# Introduction

Using the Qwen2-VL 7B model to generate ground truth OCR data for SROIEv2 dataset.

In [1]:
from transformers import Qwen2VLForConditionalGeneration, AutoTokenizer, AutoProcessor
from qwen_vl_utils import process_vision_info
from transformers import BitsAndBytesConfig
from tqdm.auto import tqdm
from torch.utils.data import Dataset, DataLoader

import torch
import glob
import os

In [2]:
model_id = "Qwen/Qwen2-VL-7B-Instruct"

# flash_attention_2 for better acceleration and memory saving.

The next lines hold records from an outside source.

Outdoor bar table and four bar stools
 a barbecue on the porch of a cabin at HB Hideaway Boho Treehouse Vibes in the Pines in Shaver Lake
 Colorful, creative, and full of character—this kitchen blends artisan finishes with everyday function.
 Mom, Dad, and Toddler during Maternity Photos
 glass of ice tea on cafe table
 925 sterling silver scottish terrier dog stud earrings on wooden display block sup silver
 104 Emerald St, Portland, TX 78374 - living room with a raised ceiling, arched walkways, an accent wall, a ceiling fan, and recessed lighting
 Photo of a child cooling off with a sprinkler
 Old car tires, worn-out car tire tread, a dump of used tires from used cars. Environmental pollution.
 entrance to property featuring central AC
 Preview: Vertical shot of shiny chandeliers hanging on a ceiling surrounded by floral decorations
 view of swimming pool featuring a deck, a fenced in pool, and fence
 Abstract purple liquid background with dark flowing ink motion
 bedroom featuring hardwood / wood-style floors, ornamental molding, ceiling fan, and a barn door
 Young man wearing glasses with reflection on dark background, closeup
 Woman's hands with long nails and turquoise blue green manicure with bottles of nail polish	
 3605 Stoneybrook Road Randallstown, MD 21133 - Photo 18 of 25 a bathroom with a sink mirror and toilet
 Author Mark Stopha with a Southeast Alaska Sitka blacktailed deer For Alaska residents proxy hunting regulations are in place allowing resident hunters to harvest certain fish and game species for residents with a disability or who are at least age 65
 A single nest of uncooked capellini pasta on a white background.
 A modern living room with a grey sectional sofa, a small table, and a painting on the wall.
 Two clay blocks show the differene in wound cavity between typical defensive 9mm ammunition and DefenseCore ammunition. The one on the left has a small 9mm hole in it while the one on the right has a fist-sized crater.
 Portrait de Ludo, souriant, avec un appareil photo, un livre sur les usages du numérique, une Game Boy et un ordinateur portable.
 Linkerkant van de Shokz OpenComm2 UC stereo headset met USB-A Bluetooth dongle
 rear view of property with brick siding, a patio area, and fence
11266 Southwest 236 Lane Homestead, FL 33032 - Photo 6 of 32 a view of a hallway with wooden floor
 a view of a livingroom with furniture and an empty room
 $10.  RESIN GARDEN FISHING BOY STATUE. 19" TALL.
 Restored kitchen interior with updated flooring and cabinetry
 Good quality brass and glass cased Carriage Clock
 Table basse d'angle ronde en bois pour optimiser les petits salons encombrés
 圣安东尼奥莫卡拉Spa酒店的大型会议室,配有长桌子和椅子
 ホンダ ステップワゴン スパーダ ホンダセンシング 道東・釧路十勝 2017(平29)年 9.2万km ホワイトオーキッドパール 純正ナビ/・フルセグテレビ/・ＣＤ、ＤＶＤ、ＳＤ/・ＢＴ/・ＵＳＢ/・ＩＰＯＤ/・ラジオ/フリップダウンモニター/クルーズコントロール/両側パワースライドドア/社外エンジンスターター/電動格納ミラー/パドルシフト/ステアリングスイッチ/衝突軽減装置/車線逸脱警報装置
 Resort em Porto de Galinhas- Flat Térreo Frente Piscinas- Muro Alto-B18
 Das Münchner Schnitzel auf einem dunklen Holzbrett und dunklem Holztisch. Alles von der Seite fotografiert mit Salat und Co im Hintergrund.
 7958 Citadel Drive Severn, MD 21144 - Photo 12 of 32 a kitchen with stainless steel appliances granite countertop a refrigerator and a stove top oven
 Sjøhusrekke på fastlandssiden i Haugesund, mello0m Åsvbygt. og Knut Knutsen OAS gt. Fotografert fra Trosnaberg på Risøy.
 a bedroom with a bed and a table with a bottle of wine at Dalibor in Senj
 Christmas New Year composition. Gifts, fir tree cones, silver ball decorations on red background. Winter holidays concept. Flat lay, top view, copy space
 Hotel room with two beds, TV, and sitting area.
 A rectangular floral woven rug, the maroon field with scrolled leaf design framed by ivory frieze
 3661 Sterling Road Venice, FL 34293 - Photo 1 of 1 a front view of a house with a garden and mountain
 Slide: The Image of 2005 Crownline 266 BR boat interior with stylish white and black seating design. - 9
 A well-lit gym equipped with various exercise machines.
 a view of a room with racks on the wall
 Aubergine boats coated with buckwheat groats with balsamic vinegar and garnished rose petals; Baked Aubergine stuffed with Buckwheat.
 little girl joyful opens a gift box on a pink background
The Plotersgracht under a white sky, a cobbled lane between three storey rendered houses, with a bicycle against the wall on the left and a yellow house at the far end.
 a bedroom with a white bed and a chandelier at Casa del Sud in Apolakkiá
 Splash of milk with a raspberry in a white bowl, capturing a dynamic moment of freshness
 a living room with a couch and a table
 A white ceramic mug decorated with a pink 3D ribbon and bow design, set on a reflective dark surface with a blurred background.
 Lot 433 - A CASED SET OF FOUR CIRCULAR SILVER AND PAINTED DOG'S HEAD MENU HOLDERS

Great for batched inference.
model = Qwen2VLForConditionalGeneration.from_pretrained(
    model_id,
    torch_dtype=torch.bfloat16,
    attn_implementation="flash_attention_2",
    device_map="auto"
)

# Load processor
processor = AutoProcessor.from_pretrained(model_id)

Loading checkpoint shards:   0%|          | 0/5 [00:00<?, ?it/s]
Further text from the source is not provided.